Socjaldemokratyczny premier Algirdas Butkevičius przyjechał wczoraj na spotkanie z Donaldem Tuskiem, by rozmawiać przede wszystkim o energetyce. Przed jego rządem jest wiele ważnych wyborów. Najtrudniejszy: czy budować nową elektrownię atomową, mimo sprzeciwu wyrażonego w jesiennym referendum. Butkevičius powiedział, że jest zainteresowany wydobywaniem gazu łupkowego.
Premier, jak mówił przed wylotem do Polski, nie zamierza przepraszać za litewski Sejm, który w kwietniu 2010 r., tuż przed katastrofą smoleńską, nie przyjął ustawy o pisowni nazwisk, korzystnej dla polskiej mniejszości.
Przeprosiny takie złożył w zeszły czwartek, w rozmowie z „Rz", szef MSZ Linas Linkevičius: – To wielki wstyd. Prezydent Lech Kaczyński był wielkim przyjacielem Litwy. To, że stało się to podczas jego wizyty, jest przykre. Nie byłem wtedy posłem, ale chciałbym za to przeprosić – powiedział Linkevičius, co zostało bardzo dobrze przyjęte przez Radosława Sikorskiego. Linkevičius zapewnił, że nowy rząd naprawdę zamierza wprowadzić ustawy korzystne dla Polaków na Litwie, choć trudno wskazać, kiedy to się może stać, ich projekty nie są jeszcze gotowe. W Polsce te zapowiedzi przyjęto z nadzieją, choć zazwyczaj ostrożnie, bo obietnice politycy litewscy składali przez lata, ale nic dobrego z tego dla polskiej mniejszości nie wyniknęło.

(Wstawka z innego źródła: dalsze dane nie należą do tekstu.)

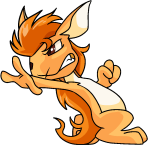 Orange Kyrii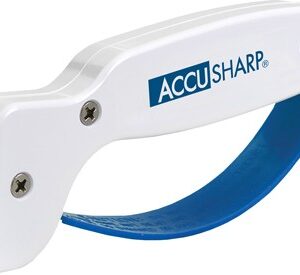 Accusharp Knife Sharpener -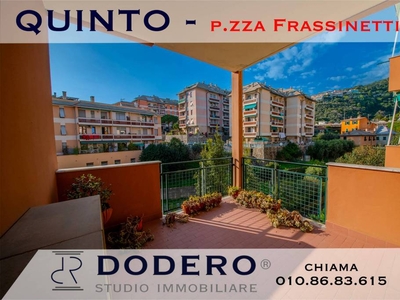 Appartamento in vendita a Genova - Zona: 20 . Quinto-Nervi, Levante Mare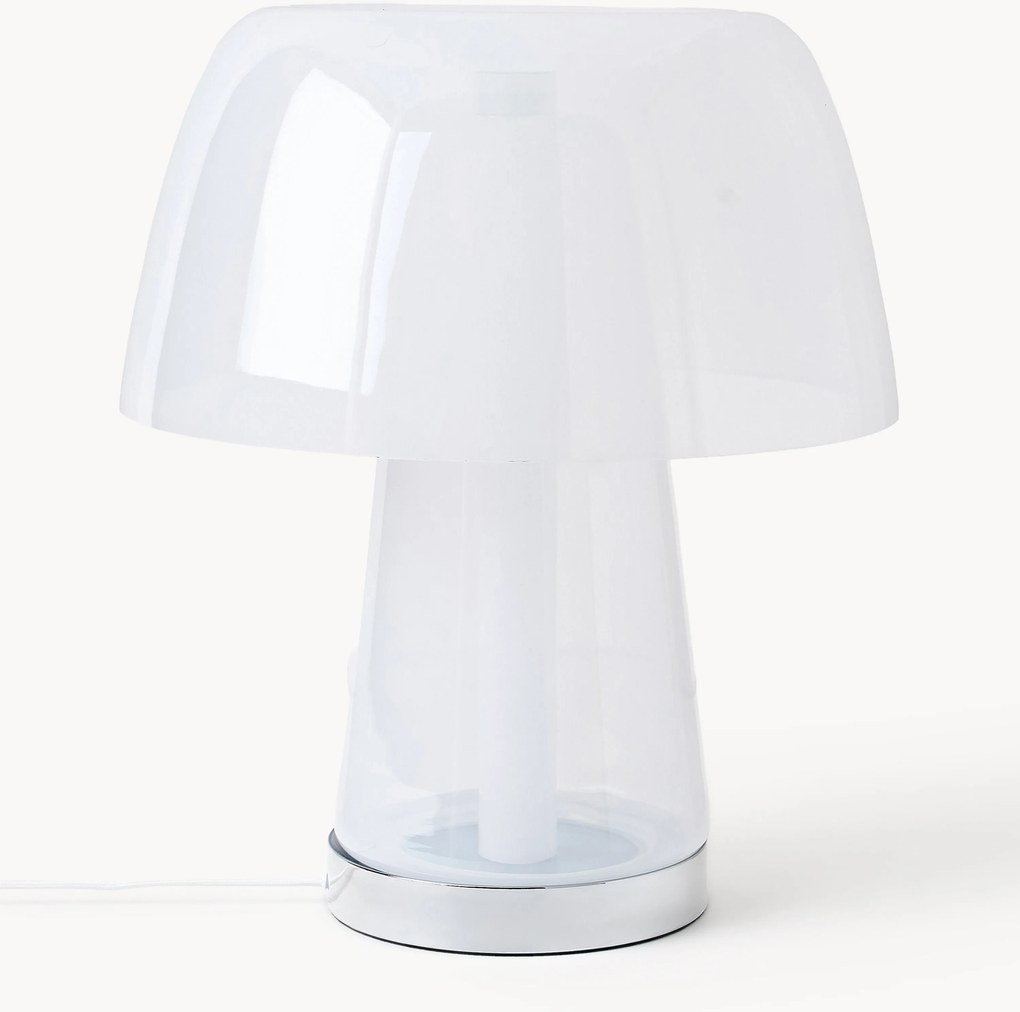 Grote LED tafellamp Kian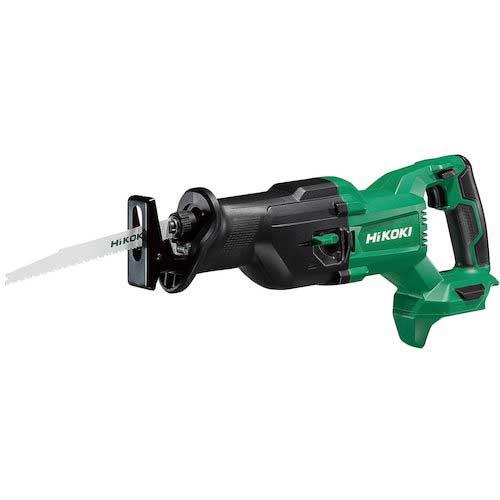 HiKOKI 18Vコードレスセーバソー 18V-5.0Ah CR18DB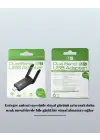 USB WiFi Adaptör – 1200 Mbps Hız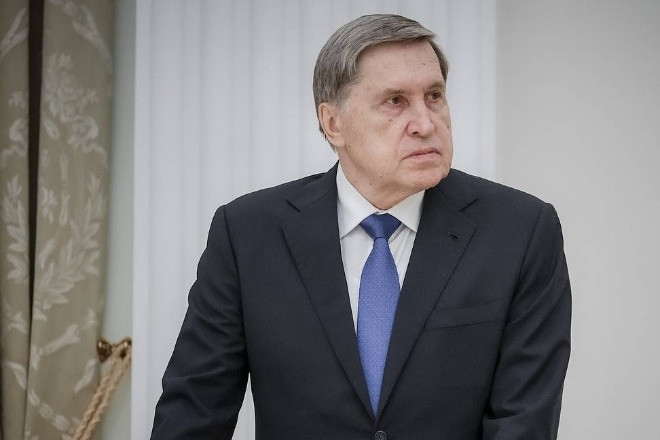 Trợ lý của Tổng thống Nga Putin nói về khả năng Ukraine giành lại Crưm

Wczoraj litewski premier przedstawiał się jako zwolennik kompromisu. Jak zapowiedział, składająca się z przedstawicieli kilku ministerstw grupa robocza ma w marcu przedstawić wnioski dotyczące problemów mniejszości. „Pewnie potrzebne będą zmiany legislacyjne" – dodał na konferencji prasowej.
– Życie uczy pokory. Czas zweryfikuje obietnice, wierzę, że jest wspólny interes. Jest nadzieja na otwarcie. Choć paroma spotkaniami, nawet ważnymi, wszystkiego nie rozwiążemy. Trzeba robić swoje, po kawałeczku – powiedział „Rz" Tadeusz Aziewicz, poseł PO, przewodniczący Polsko-Litewskiej Grupy Parlamentarnej.